There were several important reports on the U.S. economy released this morning. First, data from the Federal Reserve Bank of New York showed that manufacturing activity in the Northeast region of the country continued to rebound this month, with the general business conditions index jumping to 9.6 in April. This is significantly better than economists had expected, the second positive (expansionary) reading in a row, and the highest print in more than a year. Under the hood, new orders, prices received, and total employment all improved in April but measures of shipments and the average employee workweek deteriorated slightly. Surveyed managers were found to be more optimistic about general business conditions over the next six months, and plans for capital expenditures and technology investment also increased.
Next, a report from the Federal Reserve Board of Governors showed that U.S. industrial activity contracted in March, with total production falling by 0.6 percent. This is a much larger decline than expected and the prior month’s loss was revised to be worse than previously estimated. The headline weakness was driven by broad declines in the energy and automobile categories, and manufacturing, which makes up roughly 75 percent of all industrial production, fell by 0.3 percent. Capacity utilization, sometimes used as a leading indicator of inflation and potential output, slid to 74.8 percent last month, well below the long-term (1972–2015) average.

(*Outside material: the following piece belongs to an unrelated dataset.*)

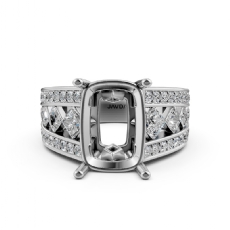 1.25Ct Princess Round Diamond Engagement Ring Cushion Semi Mount 14K White Gold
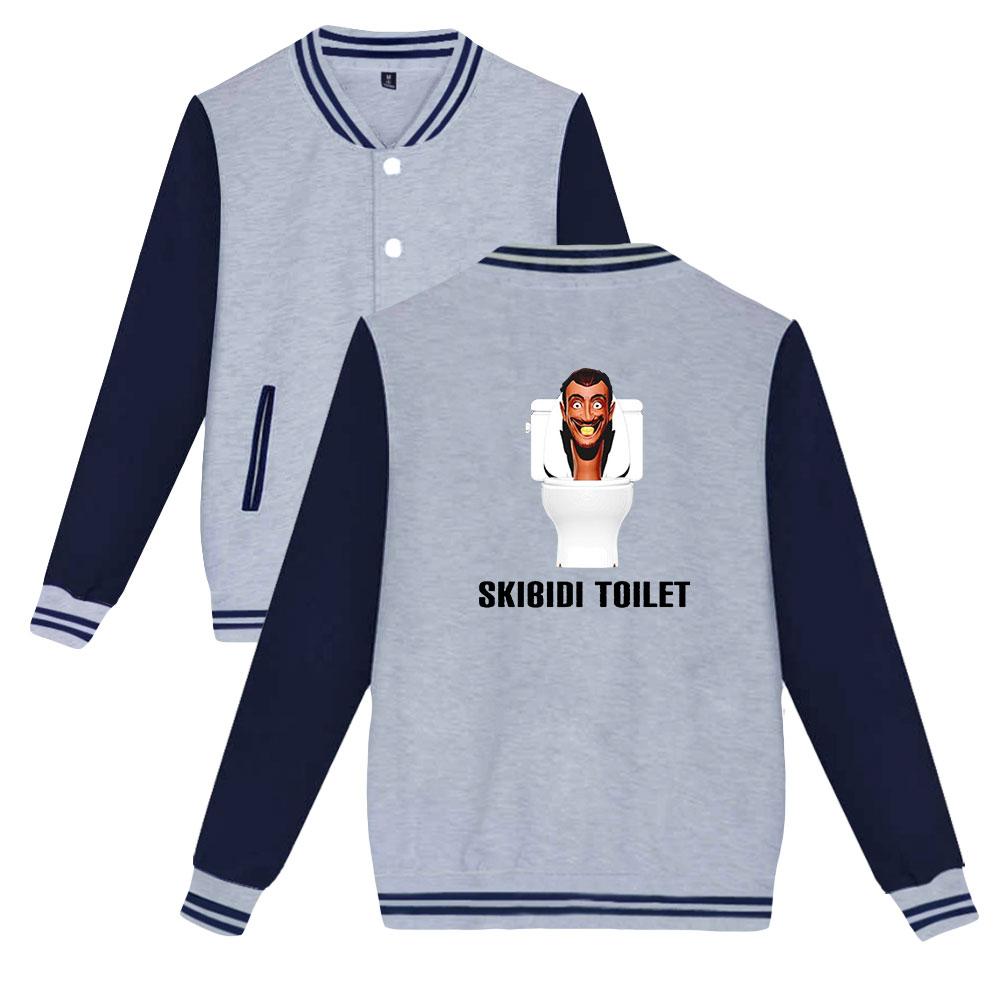 Unisex Fashion for Fans of Skibidi Toilet Anime Printed Baseball Sweatshirt Women Men Outdoor Sport Jackets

Elsewhere, the popular consumer sentiment index from the University of Michigan fell from 91.0 in March to 89.7 in the first half of April, the fourth month-over-month decline in a row and the lowest reading since September of last year. Americans’ views of both current and future conditions deteriorated in April, and Richard Curtin, director of the Michigan Survey of Consumers, added that “none of these [recent] declines indicate an impending recession, although concerns have risen about the resilience of consumers in the months ahead.” Surveyed consumers were found to be less optimistic about wage growth, inflation-adjusted income, and the overall U.S. economy. Roughly one in five respondents also said that “the election or government policy” could be a headwind for future economic growth.